A quick table for clarity

SituationOld Discretionary PlayAdapted Play
Stock rallies into closeBuy breakout at 3:55 PMWait for auction data; buy at 3:45 PM or skip
Stock drifts lower all dayShort at 3:50 PMCheck imbalance first; avoid short if buy imbalance
Meme stock with high retail interestIgnore or fadeConsider riding MOC flow with tight stop
No MOC data availableTrade as usualReduce size; treat close as unreliable

That table isn’t perfect — every stock is different — but it gives you a starting point. Use it as a rough guide, not a rulebook.

The bigger picture: retail is here to stay

Some traders complain about retail MOC flow. They say it distorts the market. They want the “good old days” when institutions ruled the close. But honestly? That’s a waste of energy. Retail isn’t going away. In fact, it’s growing. The SEC is even considering new rules to make closing auctions more transparent. So the flow will likely get bigger, not smaller.

Instead of fighting it, learn to surf it. Discretionary trading has always been about adaptation. The markets evolve. The players change. The only constant is that you need to stay flexible. So take a deep breath. Look at the MOC data. Adjust your timing. And remember: the close is just one moment in a 24-hour cycle. Your edge doesn’t have to live there.
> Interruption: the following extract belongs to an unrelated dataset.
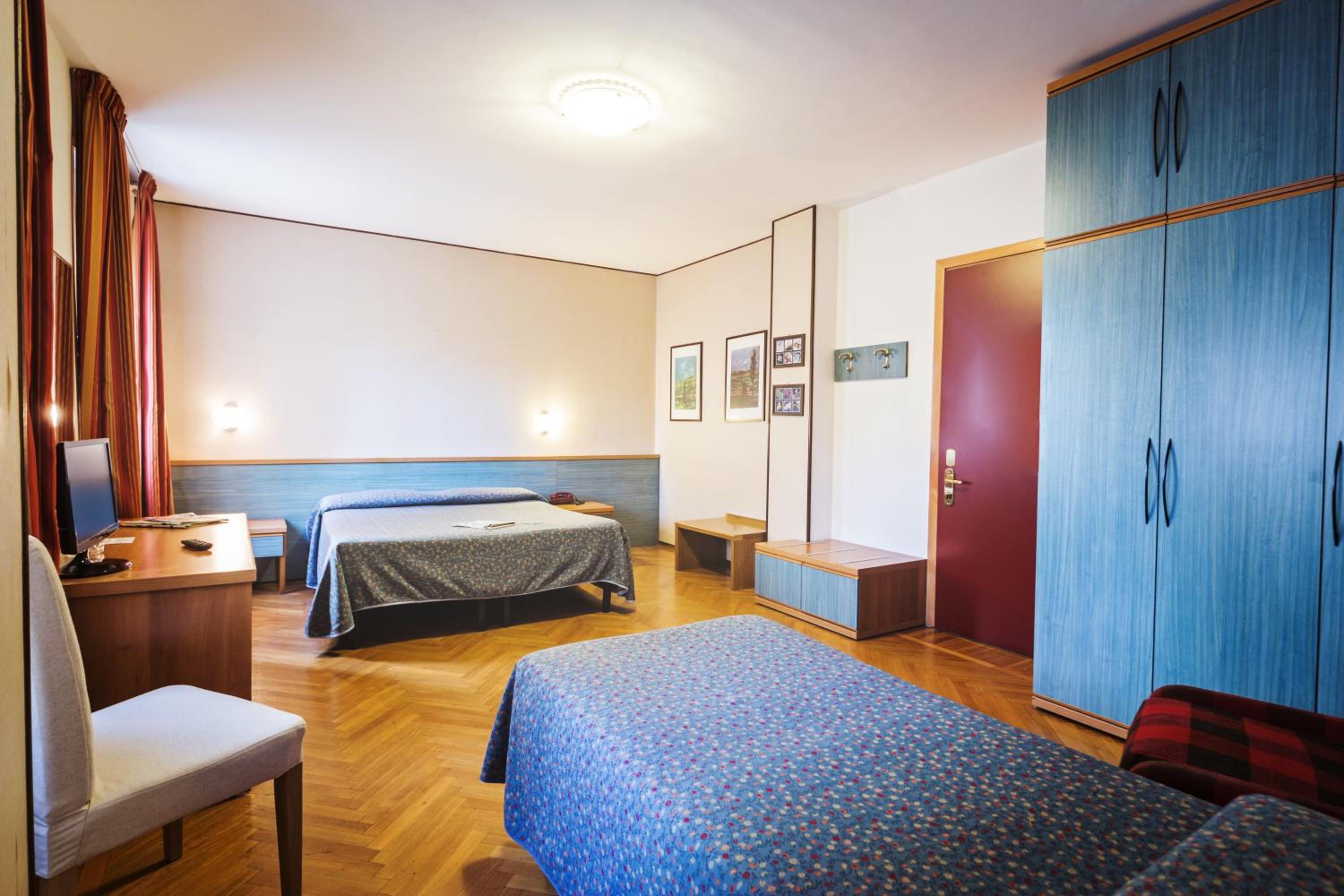 Double Room - Photo 1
In fact, some of the best discretionary traders I know now avoid the close entirely. They trade the first hour, take a break, then come back for the afternoon. They let the retail MOC flow do its thing while they watch from the sidelines. And then, after the auction settles, they make their move in the after-hours session. It’s a different rhythm. But it works.

So, yeah — the rise of retail market-on-close order flow is a challenge. But it’s also an opportunity. An opportunity to refine your process, to think differently, to find new edges. The market is always talking. You just have to listen to the new voice.

Adapt. Or get left behind. Your choice.